Пишу стихи, посвящаю их Стасу и Гоше, Стас тут же подбирает аккорды, сидим в пыльном больничном палисаднике, окружённом частоколом забора, и тихонько напеваем:
Песню мы так и назвали – «Неспетая песня».
В один из приходов на Каширку знакомлюсь с Гошиной тётей, которая навещает его. Тётя советует мне сходит в храм Николы в Кузнецах, послушать отца Всеволода Шпилера.
Идём в храм с Тишлер. Одна я как-то не решилась.
Пришли как раз к проповеди. Было воскресенье. Людей в храме – совсем немного: старушки и пожилые тёти.
Мерцание свечек и лампад, строгие лики икон – так таинственно и торжественно… Никогда ещё я не была в храме.
Отец Всеволод Шпилер. Мудрый, прекрасный старец… С глазами, полными печали, света и какого-то нездешнего покоя. Просто он всё ЗНАЛ. Знал, как будет потом – после… И – не боялся. И хотел, чтобы мы тоже не боялись.
Он говорил так просто, тихим голосом, без всякого пафоса, он обращался к каждому из нас. И ко мне тоже. Он стоял совсем близко, и каждому взглядывал в глаза. Он говорил о самом главном, о том, что меня волнует больше всего – о бессмертии души, о жизни после смерти… О том, что с этой, земной жизнью, жизнь не кончается… И о том, как вера преображает жизнь и наполняет её светом… Я слушала его и думала о тех, кого люблю, и кого потеряла: о лётчике дяде Павле, которого я обожала в детстве, а он разбился… О дяде Роме из Оренбурга, который дружил со мной, восьмилетней девочкой, и катал меня на своём старинном мотоцикле… дядя Рома был такой весёлый, а потом взял и умер… И тот, и другой как будто стояли сейчас рядом со мной в этом прохладном, полутёмном храме. Казалось: можно окликнуть их – и они отзовутся… Но даже и окликать не надо было, так ощутимо было для меня их присутствие. Только в эти минуты, впервые в жизни, я думала о смерти дорогих мне людей без горечи и протеста…
Это был праздник Преображения.
Мы бродили с Тишлер весь день по солнечной, августовской Москве, переполненные услышанным, не в силах расстаться и разъехаться по домам. (Дома о том, что мы были в церкви, рассказать было некому).

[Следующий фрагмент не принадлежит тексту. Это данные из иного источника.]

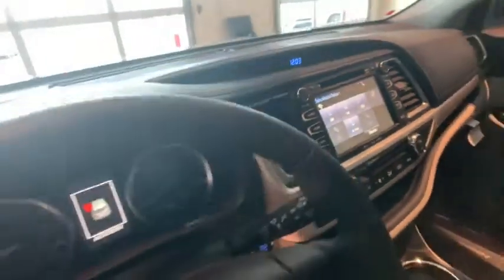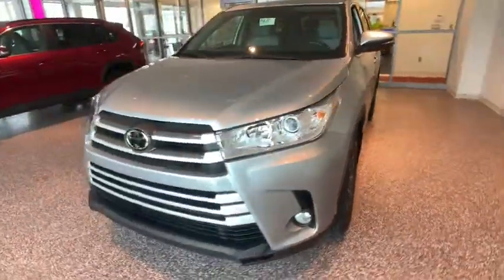Universal garage door opener, heated front seat, electronic stability control, CD player, trip computer, fog lights, rear window defroster, power windows.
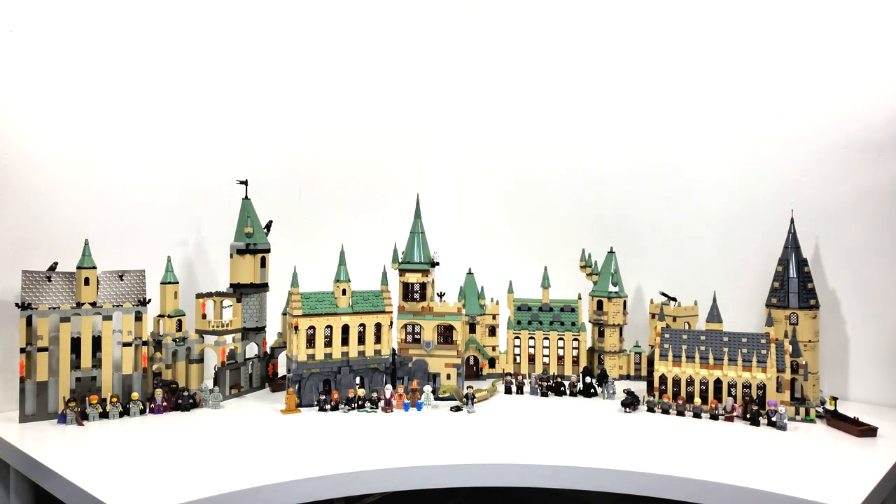Hello everybody, I am JediJackPenguin and welcome to my comparison of Hogwarts Castle. Over the last 20 years, LEGO has made many versions of this iconic location.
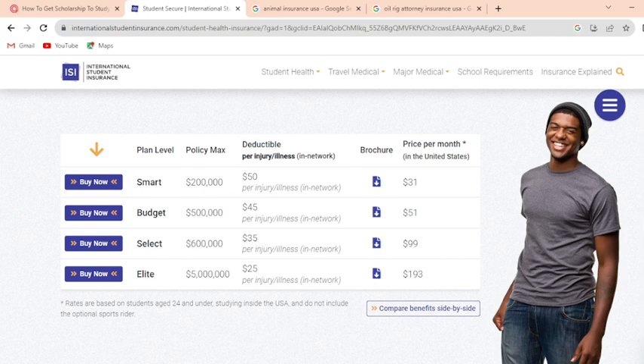The deductible per injury and illness across the plans are: $50, $45, $35, and $25 respectively. The price per month is $31, $51, $99, and $193 for each plan level.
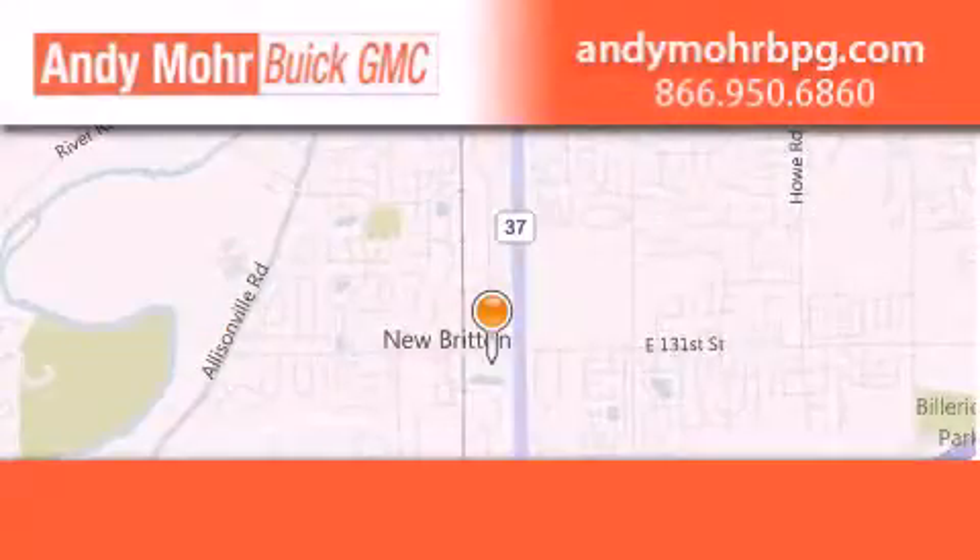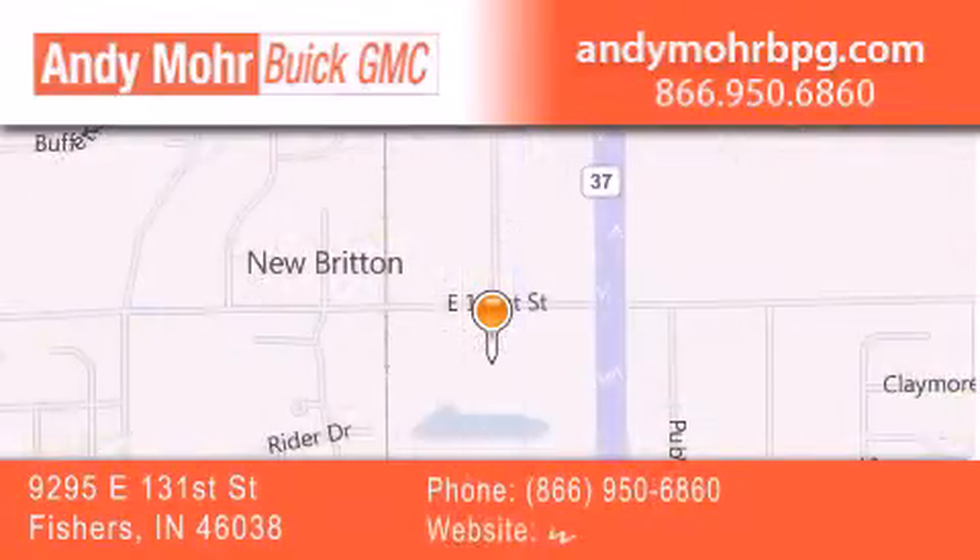Andy Moore Buick GMC is the place to find new and pre-owned cars and trucks in Indianapolis. You can search our new and used car inventory online and get new car pricing,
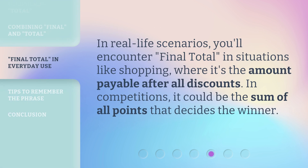In real-life scenarios, you'll encounter 'final total' in situations like shopping, where it's the amount payable after all discounts. In competitions, it could be the sum of all points that decides the winner.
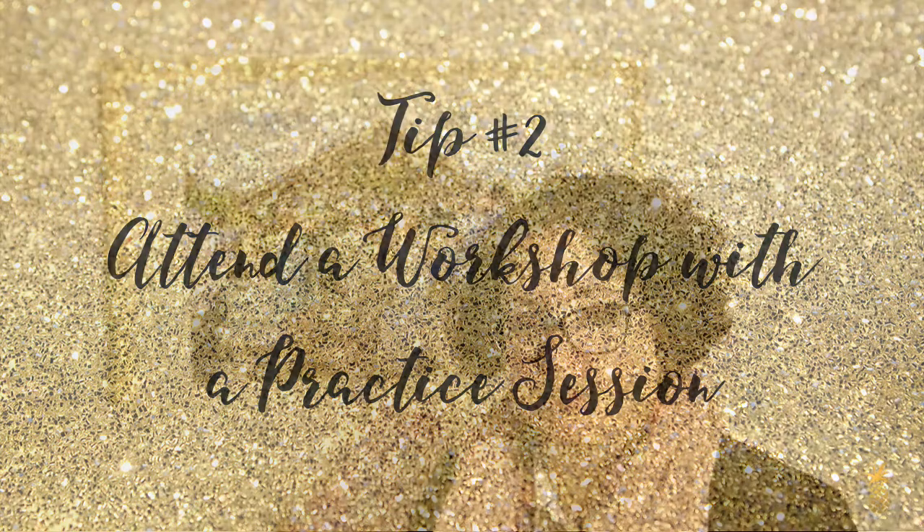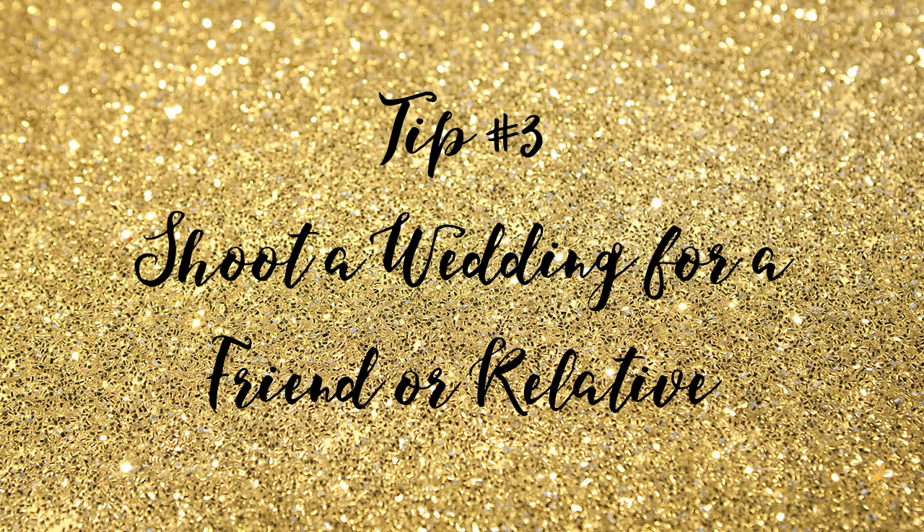Tip number two is to attend a workshop with a practice session. A lot of wedding photography workshops have a section where the photographer hires a model and you go out and shoot. You should check whether you're able to use those images in your portfolio, but a lot of times you are. I did that when I started out — I attended a workshop and used the images we were allowed to use. It's also a good networking tool to get to know other wedding photographers.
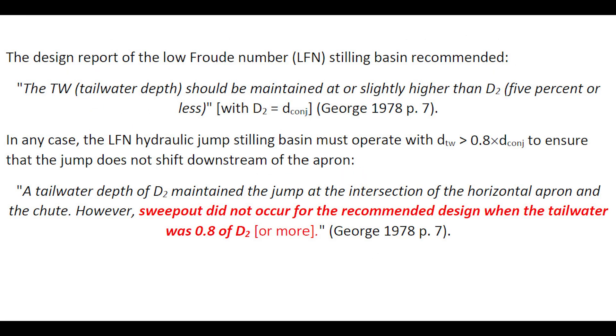The original report on the low-Froude number stilling basin recommended that the tailwater should be maintained at or slightly higher than D2. In any case, the low-Froude number hydraulic jump stilling basin must operate with a tailwater depth greater than 80% of the conjugate depth to ensure that the jump does not shift downstream of the apron, as stated by the developer.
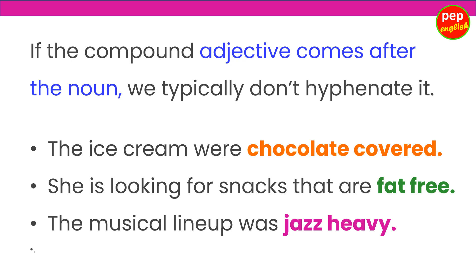If the compound adjective comes after the noun, we typically don't hyphenate it. Here we didn't use a hyphen in the following sentences: chocolate-covered, fat-free, jazz-heavy.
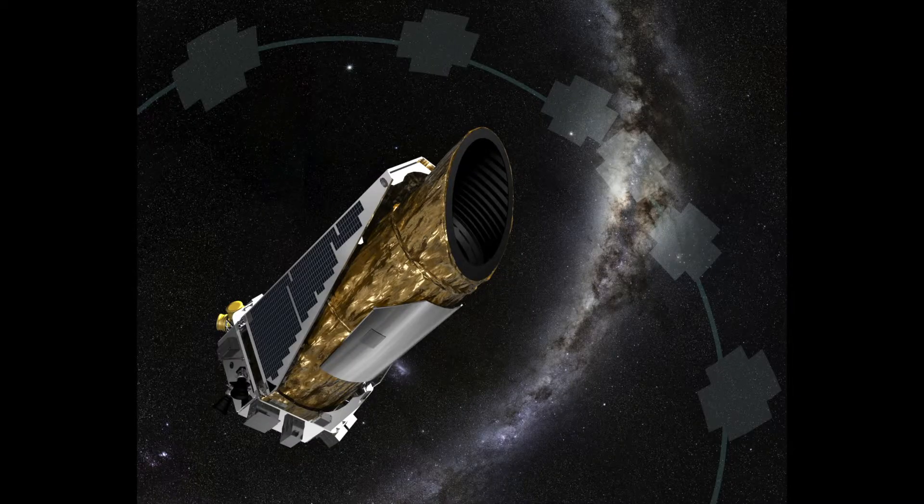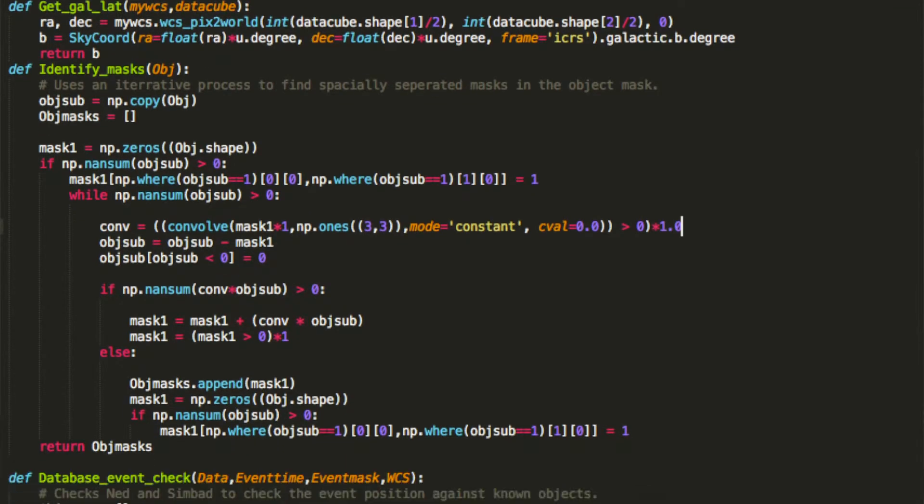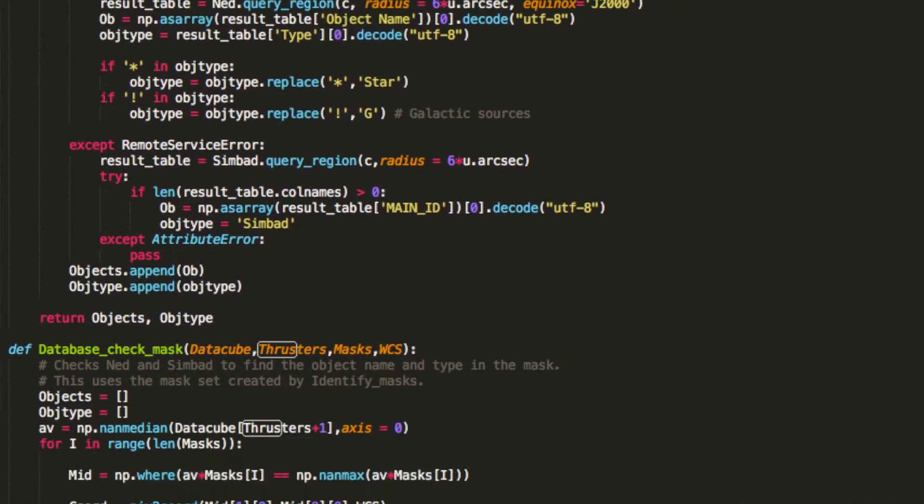For the past couple of months I've been working on analysing data from the Kepler Space Telescope. That's a telescope NASA put into space far away from the earth, and it's been observing patches of sky over the course of several years. I want to try and analyse the data that Kepler has gathered, so that means I need to do lots of computer programming. And here's a snippet of some of my code.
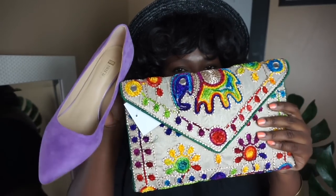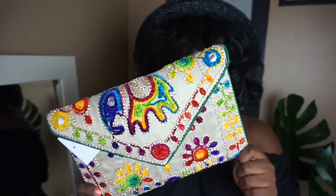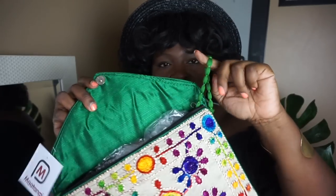The next item pairs perfectly with those pumps because it has some purple in it — it's this printed clutch. It looks like something you'd wear on vacation. It's a decent size, made out of fabric with ornate stitching and shiny details, and it comes in a variety of background colors. It has a zipper and a strap inside, and it was only about eight to twelve dollars. I'll have it linked down below.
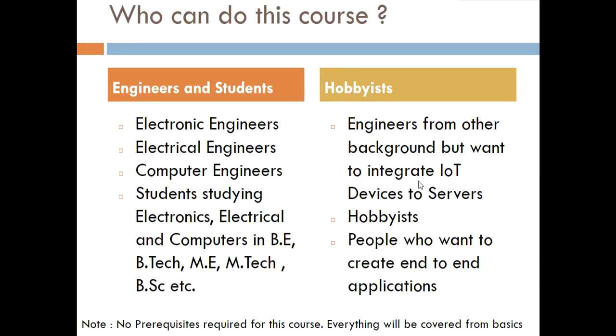Now looking at who can do this course — it is beneficial to students studying or who have completed engineering at the bachelor's or master's level, particularly in electronics, electrical, and computer science domains. This is a practical course where you will learn programming languages and how to transfer data from a device onto a server. People currently working on IoT products are expected to know these things when joining a company. Hobbyists who want to integrate their own applications with IoT are also welcome.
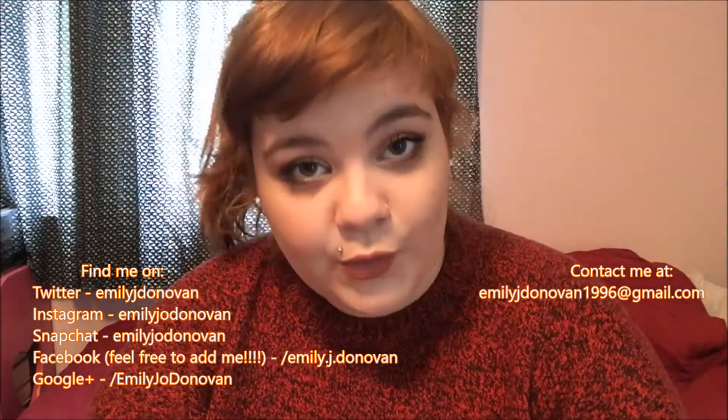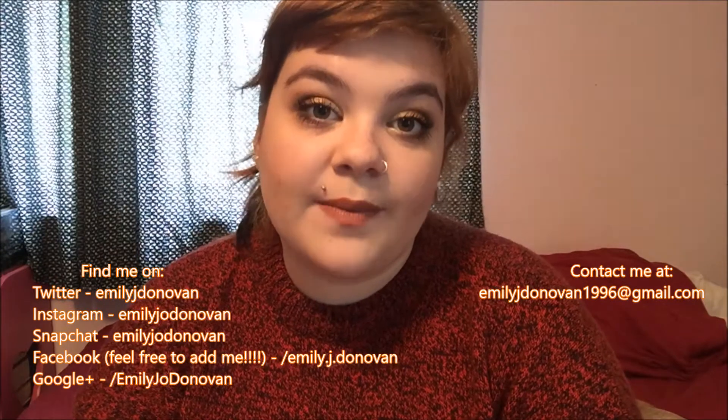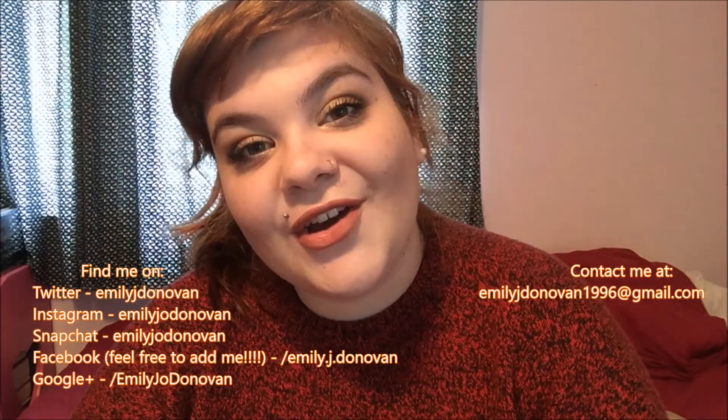I hope you guys enjoyed this video. I thought I would just bring something a little bit different to the review format, because usually I just review makeup products. So I thought it would be fun to do a little hair care review. I hope you guys are having a fantastic day. If you have any questions, suggestions, or requests, comment, email me, or message me through YouTube. You can find me on Facebook, Twitter, Instagram, Snapchat, Pinterest. You can email me — you can do whatever you want. I'll see you in the next video. Bye guys.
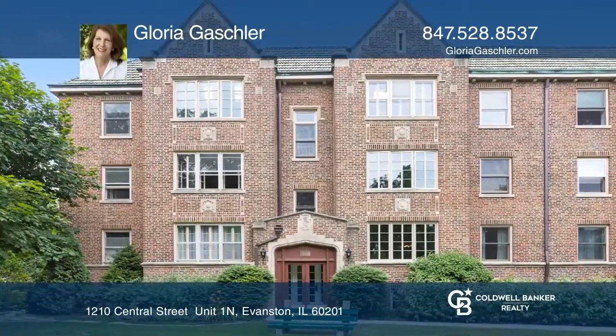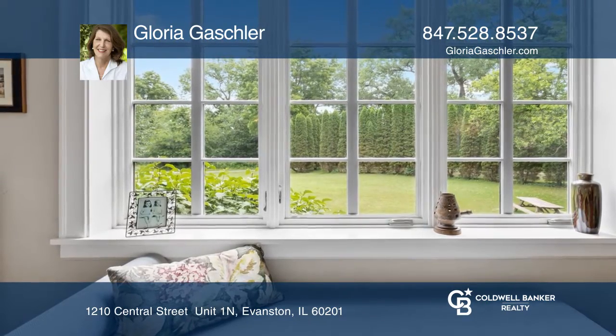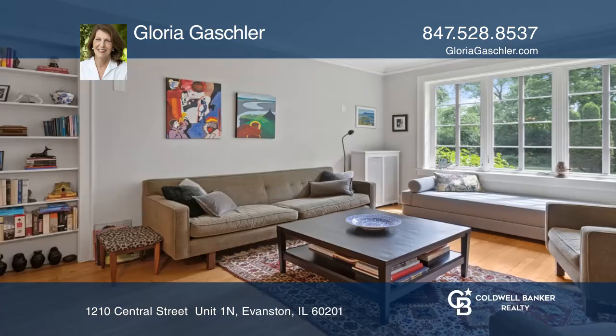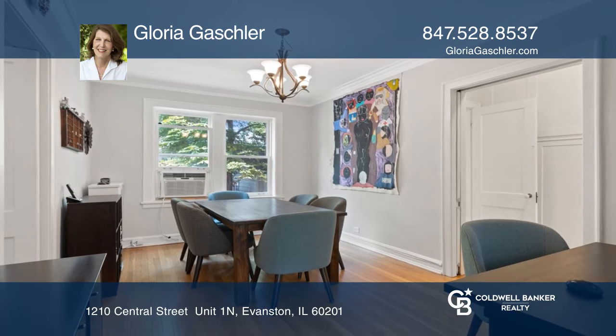This high first floor condo has the best green views in Evanston from all new top quality windows. The living room and bedroom both face east overlooking the golf course thruway and the canal. There are high ceilings, hardwood floors and built-ins.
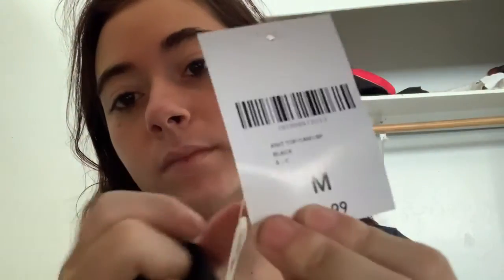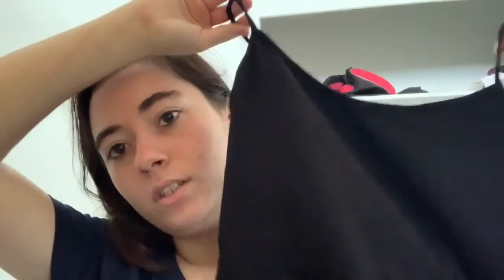I also got these tank tops. The size on this one is a three — I think they're a little bit there. So this is a medium. These tank tops were really small — the small was like an extra small, and the medium was like a small.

А вечером мы зашли ещё в один храм – в Брюсовском переулке. Была изумительно красивая служба… пение – почти ангельское… горячее пламя свечей… томительный запах ладана…
Когда вышли на тёмную улицу, Тишлер решительно сказала:
– Я больше в церковь не пойду!
– Почему?
– Так, чего доброго, можно и в Бога поверить!
– Почему тебя это пугает?
– Не знаю. Но пугает. Я как-то не готова к этому…
…Нет, я не стала вот так сразу христианкой и активной прихожанкой. Ещё многое должно было случиться – для того, чтобы это произошло. Но я почувствовала, что в моей жизни появилось ещё одно измерение. Как будто распахнулись двери в какую-то иную реальность…
Я пока стояла на пороге, не решаясь сделать шаг дальше. Даже не помышляя о том, что предстоит делать ещё какие-то шаги…
Последняя встреча с Моим Клоуном.
Прихожу опять на репетицию. Это уже конец августа.